Required action:
Starting at the first line of the data below, retype every line up to and including the one containing "I've placed the".

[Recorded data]
┏━━

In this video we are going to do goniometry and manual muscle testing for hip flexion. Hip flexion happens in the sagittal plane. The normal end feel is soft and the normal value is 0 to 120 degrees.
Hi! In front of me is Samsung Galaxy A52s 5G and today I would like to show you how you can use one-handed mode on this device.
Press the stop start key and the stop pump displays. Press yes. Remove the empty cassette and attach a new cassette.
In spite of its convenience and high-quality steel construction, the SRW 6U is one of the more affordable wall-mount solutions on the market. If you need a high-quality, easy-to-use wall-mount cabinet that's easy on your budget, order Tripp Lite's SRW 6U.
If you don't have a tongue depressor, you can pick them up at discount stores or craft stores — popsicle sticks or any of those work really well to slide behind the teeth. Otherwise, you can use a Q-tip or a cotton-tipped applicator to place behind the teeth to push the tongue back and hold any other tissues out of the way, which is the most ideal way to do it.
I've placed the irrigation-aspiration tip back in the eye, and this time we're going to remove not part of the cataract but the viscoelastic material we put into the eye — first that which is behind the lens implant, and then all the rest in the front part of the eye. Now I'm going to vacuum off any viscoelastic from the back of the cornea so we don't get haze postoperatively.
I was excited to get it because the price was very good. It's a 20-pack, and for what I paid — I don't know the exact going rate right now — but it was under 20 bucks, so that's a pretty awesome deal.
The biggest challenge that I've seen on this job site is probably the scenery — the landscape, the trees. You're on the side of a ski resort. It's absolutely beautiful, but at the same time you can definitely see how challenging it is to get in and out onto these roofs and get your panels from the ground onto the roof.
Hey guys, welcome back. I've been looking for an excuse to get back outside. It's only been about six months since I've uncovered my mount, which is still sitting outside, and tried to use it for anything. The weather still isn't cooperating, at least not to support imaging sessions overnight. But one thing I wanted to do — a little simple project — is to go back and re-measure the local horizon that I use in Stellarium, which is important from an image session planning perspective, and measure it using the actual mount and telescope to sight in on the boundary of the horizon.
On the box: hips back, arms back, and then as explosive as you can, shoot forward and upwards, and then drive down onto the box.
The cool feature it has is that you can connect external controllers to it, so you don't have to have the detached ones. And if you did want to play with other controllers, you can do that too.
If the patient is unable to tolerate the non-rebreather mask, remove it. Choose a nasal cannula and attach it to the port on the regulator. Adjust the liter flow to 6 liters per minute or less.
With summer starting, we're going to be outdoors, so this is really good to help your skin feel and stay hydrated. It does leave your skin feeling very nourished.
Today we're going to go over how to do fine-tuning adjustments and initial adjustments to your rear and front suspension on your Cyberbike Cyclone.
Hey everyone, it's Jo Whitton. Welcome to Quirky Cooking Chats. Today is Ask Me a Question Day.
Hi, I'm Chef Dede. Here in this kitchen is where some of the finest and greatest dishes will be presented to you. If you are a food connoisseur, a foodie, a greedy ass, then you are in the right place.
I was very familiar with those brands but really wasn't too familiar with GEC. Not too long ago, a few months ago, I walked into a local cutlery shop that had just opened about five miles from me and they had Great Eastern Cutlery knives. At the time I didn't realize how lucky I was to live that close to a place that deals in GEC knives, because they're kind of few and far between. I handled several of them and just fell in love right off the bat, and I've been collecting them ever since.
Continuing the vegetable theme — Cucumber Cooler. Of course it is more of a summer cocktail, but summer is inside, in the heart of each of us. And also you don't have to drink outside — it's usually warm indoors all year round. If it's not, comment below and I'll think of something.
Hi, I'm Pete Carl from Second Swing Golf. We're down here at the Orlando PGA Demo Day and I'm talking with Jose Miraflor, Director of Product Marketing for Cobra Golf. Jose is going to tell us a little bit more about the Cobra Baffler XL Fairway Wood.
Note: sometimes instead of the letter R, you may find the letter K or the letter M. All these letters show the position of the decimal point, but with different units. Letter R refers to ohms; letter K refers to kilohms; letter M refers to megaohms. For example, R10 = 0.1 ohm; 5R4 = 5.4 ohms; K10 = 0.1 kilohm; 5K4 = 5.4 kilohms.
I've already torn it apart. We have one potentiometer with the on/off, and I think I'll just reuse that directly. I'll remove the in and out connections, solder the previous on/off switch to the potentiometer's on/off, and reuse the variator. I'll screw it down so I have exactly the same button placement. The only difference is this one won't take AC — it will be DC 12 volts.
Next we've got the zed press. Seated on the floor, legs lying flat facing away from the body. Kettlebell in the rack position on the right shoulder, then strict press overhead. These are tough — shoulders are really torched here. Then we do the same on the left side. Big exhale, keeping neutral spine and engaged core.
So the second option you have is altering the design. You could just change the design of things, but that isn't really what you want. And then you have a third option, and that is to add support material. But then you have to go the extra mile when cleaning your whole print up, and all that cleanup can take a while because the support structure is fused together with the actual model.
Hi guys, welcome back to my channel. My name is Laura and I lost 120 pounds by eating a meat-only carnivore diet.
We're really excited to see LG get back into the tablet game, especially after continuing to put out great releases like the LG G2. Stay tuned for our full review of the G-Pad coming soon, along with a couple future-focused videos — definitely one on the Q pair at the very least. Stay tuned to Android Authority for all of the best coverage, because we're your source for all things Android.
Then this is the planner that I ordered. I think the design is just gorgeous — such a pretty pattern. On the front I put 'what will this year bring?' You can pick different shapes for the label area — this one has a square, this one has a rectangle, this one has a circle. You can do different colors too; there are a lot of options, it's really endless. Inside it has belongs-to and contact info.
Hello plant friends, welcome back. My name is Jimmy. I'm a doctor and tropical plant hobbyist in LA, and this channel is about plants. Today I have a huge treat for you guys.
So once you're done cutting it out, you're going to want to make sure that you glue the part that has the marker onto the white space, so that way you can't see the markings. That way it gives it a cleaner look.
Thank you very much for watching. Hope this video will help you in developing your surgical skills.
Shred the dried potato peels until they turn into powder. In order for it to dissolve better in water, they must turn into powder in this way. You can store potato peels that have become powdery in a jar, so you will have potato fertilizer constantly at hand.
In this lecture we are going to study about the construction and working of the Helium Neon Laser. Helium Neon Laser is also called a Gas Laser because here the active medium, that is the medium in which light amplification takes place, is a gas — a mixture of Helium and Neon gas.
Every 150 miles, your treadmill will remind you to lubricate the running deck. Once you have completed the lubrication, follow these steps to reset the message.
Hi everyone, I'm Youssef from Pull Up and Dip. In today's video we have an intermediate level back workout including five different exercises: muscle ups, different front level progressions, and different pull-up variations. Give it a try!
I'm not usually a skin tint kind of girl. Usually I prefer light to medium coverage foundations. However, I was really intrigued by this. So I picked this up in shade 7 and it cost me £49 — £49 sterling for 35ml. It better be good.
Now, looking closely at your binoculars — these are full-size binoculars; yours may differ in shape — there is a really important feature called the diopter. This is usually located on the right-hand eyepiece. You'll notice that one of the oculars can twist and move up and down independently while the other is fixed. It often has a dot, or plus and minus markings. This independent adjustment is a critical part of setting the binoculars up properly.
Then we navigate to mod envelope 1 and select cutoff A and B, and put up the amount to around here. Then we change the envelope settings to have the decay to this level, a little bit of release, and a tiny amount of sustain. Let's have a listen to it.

┗━━

Task answer:
In this video we are going to do goniometry and manual muscle testing for hip flexion. Hip flexion happens in the sagittal plane. The normal end feel is soft and the normal value is 0 to 120 degrees.
Hi! In front of me is Samsung Galaxy A52s 5G and today I would like to show you how you can use one-handed mode on this device.
Press the stop start key and the stop pump displays. Press yes. Remove the empty cassette and attach a new cassette.
In spite of its convenience and high-quality steel construction, the SRW 6U is one of the more affordable wall-mount solutions on the market. If you need a high-quality, easy-to-use wall-mount cabinet that's easy on your budget, order Tripp Lite's SRW 6U.
If you don't have a tongue depressor, you can pick them up at discount stores or craft stores — popsicle sticks or any of those work really well to slide behind the teeth. Otherwise, you can use a Q-tip or a cotton-tipped applicator to place behind the teeth to push the tongue back and hold any other tissues out of the way, which is the most ideal way to do it.
I've placed the irrigation-aspiration tip back in the eye, and this time we're going to remove not part of the cataract but the viscoelastic material we put into the eye — first that which is behind the lens implant, and then all the rest in the front part of the eye. Now I'm going to vacuum off any viscoelastic from the back of the cornea so we don't get haze postoperatively.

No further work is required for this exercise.